__EXERCISE DATA__:
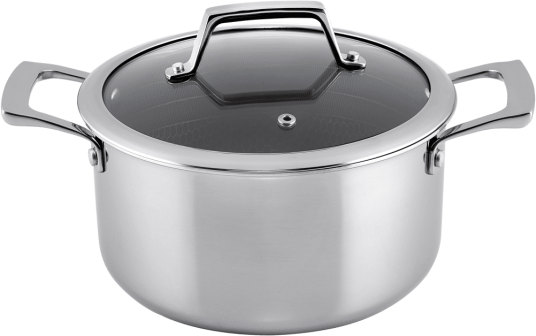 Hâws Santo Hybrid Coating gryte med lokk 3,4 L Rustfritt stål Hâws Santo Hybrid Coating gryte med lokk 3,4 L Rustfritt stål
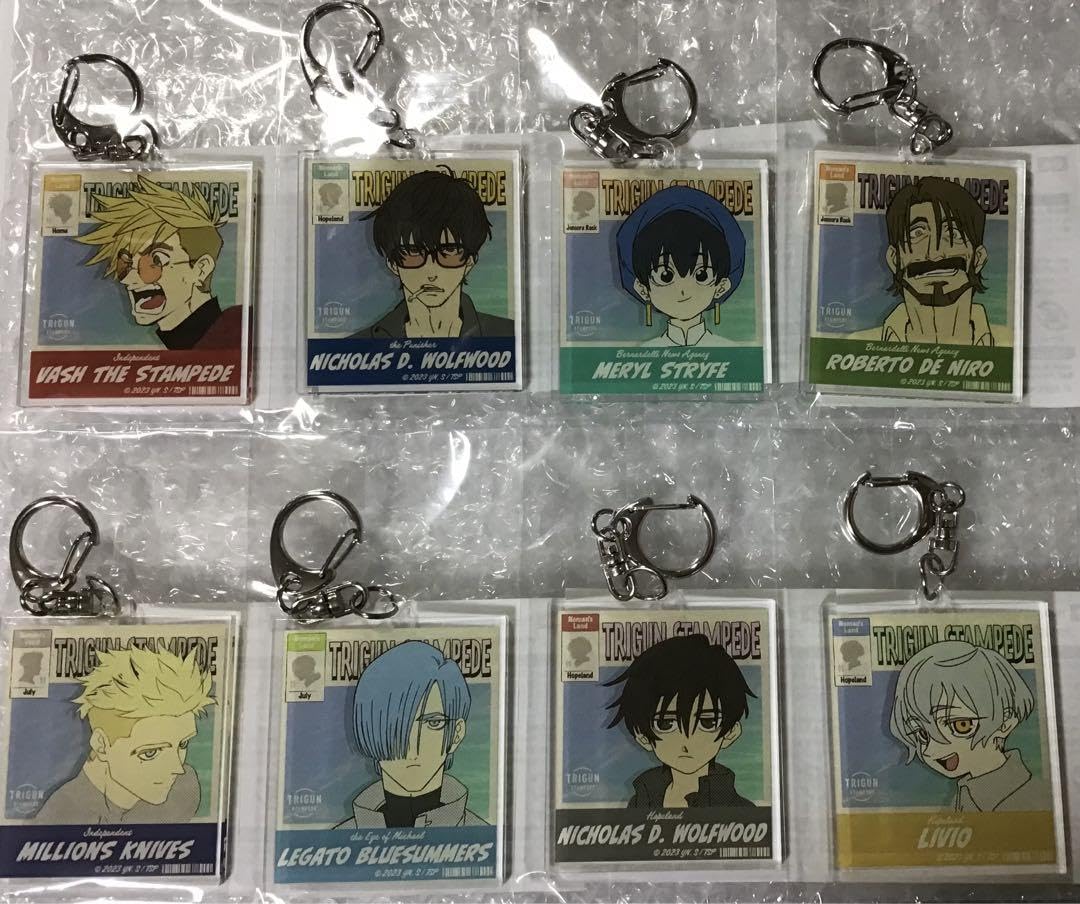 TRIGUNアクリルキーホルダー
...
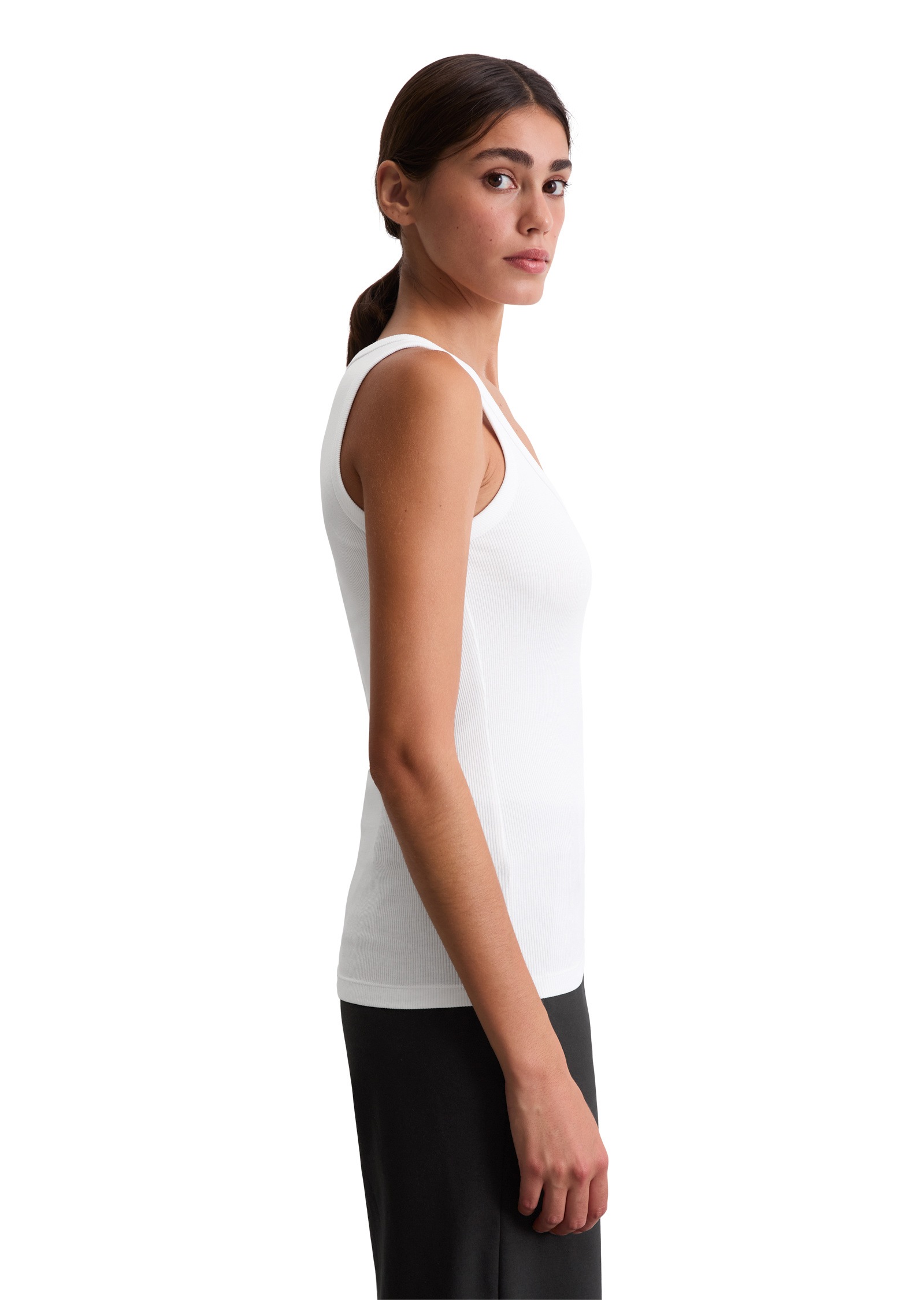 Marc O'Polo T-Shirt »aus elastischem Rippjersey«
--
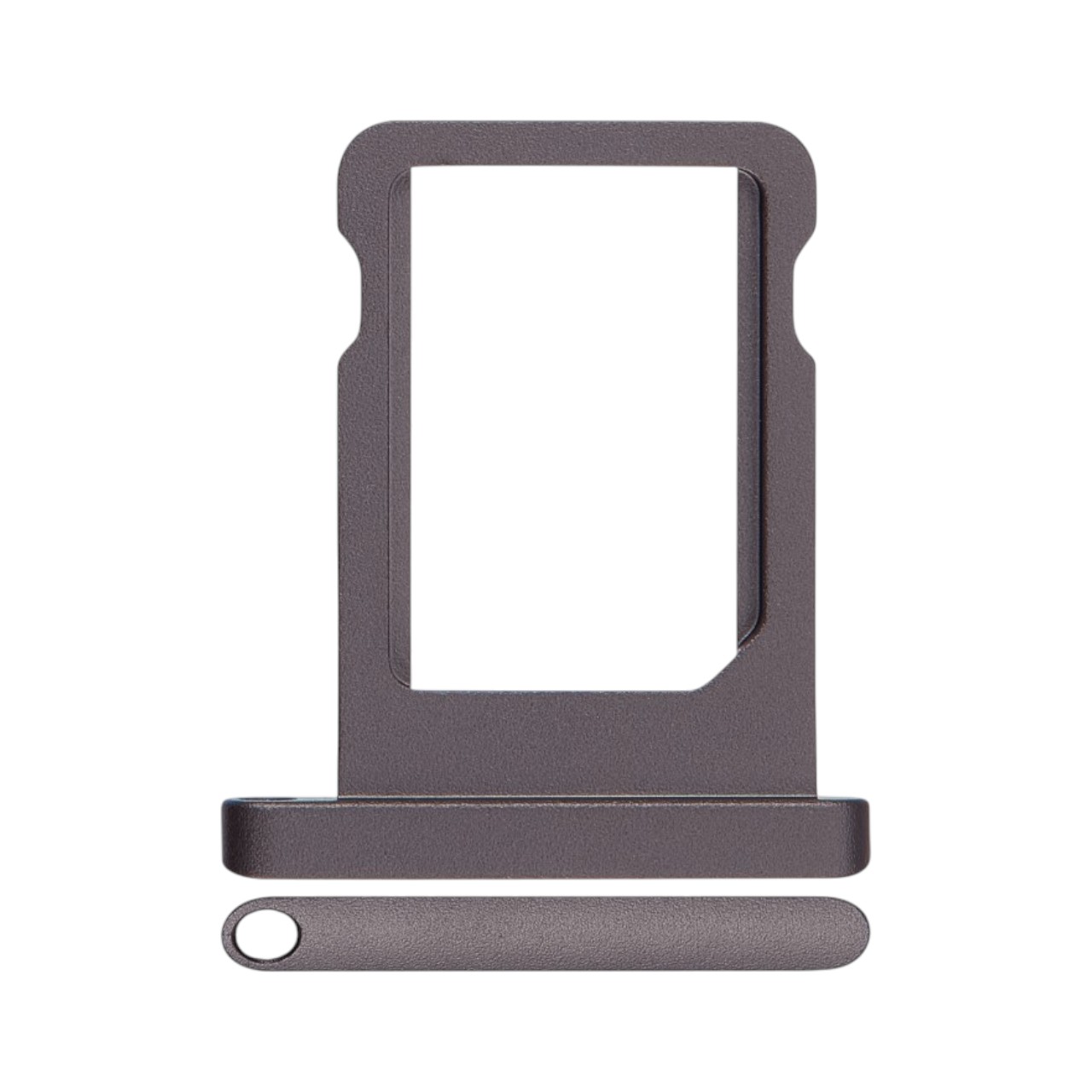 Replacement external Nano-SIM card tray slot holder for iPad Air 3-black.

__WHAT YOU NEED TO DO__: Print, exactly and with no pictures, the lines of the listing above starting at the one that has "Rustfritt stål Hâws" and ending at the one that has "TRIGUNアクリルキーホルダー", both included.

__SOLUTION TO THE EXERCISE__:
 Hâws Santo Hybrid Coating gryte med lokk 3,4 L Rustfritt stål Hâws Santo Hybrid Coating gryte med lokk 3,4 L Rustfritt stål
 TRIGUNアクリルキーホルダー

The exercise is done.